Please repeat the line that has "Baseball Dad Gift Funny" and all lines after it, exactly as they appear, through the end of the entries.

* * * * * * * * *

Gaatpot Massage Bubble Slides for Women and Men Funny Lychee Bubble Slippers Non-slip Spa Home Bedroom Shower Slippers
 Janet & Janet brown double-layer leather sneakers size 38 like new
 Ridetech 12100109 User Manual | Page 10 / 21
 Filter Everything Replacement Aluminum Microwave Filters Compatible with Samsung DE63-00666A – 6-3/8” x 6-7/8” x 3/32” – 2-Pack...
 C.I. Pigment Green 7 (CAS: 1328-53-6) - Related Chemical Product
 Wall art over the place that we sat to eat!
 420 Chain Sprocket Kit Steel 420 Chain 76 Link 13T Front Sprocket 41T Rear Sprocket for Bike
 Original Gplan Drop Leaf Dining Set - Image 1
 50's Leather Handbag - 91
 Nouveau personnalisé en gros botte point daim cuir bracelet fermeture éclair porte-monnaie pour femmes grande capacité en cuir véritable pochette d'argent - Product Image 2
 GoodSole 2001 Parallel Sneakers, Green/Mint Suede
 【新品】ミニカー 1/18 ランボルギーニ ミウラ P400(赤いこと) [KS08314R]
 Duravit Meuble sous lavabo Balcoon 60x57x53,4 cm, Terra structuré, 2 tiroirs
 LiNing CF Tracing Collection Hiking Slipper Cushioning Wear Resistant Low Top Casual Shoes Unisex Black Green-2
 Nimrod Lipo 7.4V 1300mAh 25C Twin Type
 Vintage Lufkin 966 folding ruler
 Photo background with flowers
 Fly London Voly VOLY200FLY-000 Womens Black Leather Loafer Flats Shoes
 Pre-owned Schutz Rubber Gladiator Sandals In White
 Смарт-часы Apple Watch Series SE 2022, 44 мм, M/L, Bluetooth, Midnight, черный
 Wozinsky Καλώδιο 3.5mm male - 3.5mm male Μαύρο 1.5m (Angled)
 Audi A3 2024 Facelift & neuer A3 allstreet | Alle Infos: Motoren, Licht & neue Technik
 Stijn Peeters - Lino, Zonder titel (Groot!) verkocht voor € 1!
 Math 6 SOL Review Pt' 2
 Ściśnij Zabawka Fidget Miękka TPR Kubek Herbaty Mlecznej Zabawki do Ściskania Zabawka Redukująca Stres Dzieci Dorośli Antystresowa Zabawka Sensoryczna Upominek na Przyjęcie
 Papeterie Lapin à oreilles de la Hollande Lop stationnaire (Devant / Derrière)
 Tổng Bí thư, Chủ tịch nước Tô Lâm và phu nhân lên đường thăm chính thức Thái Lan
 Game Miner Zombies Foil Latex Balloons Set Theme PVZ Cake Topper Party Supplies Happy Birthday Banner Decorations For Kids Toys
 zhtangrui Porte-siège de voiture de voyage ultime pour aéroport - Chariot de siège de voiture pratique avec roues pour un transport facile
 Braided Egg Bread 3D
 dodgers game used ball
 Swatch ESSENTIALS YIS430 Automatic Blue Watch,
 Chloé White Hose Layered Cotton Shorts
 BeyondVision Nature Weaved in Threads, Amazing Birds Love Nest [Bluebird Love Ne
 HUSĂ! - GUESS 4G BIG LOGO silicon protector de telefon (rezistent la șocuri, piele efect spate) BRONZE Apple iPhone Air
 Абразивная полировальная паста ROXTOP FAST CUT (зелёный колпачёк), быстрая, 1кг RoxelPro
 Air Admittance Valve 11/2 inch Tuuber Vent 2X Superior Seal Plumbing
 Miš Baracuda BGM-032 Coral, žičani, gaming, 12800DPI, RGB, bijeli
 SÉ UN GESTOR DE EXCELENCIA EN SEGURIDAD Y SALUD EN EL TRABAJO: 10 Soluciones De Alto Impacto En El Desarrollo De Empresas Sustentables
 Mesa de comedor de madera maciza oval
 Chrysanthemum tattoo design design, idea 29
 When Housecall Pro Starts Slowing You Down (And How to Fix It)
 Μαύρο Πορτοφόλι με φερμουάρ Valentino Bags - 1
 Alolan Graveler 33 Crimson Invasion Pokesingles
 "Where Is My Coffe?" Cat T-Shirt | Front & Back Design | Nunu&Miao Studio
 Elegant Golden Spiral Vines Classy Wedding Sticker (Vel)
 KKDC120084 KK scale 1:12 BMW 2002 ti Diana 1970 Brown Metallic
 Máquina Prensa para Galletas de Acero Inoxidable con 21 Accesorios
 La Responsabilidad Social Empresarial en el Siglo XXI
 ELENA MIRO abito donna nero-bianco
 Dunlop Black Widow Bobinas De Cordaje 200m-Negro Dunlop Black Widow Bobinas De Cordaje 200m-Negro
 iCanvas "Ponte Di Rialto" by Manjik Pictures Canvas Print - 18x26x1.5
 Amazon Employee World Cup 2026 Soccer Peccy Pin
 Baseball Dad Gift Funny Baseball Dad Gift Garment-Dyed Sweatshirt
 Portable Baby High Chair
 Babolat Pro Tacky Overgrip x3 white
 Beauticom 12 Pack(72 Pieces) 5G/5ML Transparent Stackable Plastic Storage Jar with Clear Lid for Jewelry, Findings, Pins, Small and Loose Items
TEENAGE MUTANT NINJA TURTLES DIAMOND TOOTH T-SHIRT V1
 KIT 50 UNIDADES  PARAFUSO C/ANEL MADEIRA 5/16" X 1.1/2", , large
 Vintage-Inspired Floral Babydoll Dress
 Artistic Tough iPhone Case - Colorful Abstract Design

* * * * * * * * *

- **SOLUTION TO THIS TASK**:
 Baseball Dad Gift Funny Baseball Dad Gift Garment-Dyed Sweatshirt
 Portable Baby High Chair
 Babolat Pro Tacky Overgrip x3 white
 Beauticom 12 Pack(72 Pieces) 5G/5ML Transparent Stackable Plastic Storage Jar with Clear Lid for Jewelry, Findings, Pins, Small and Loose Items
TEENAGE MUTANT NINJA TURTLES DIAMOND TOOTH T-SHIRT V1
 KIT 50 UNIDADES  PARAFUSO C/ANEL MADEIRA 5/16" X 1.1/2", , large
 Vintage-Inspired Floral Babydoll Dress
 Artistic Tough iPhone Case - Colorful Abstract Design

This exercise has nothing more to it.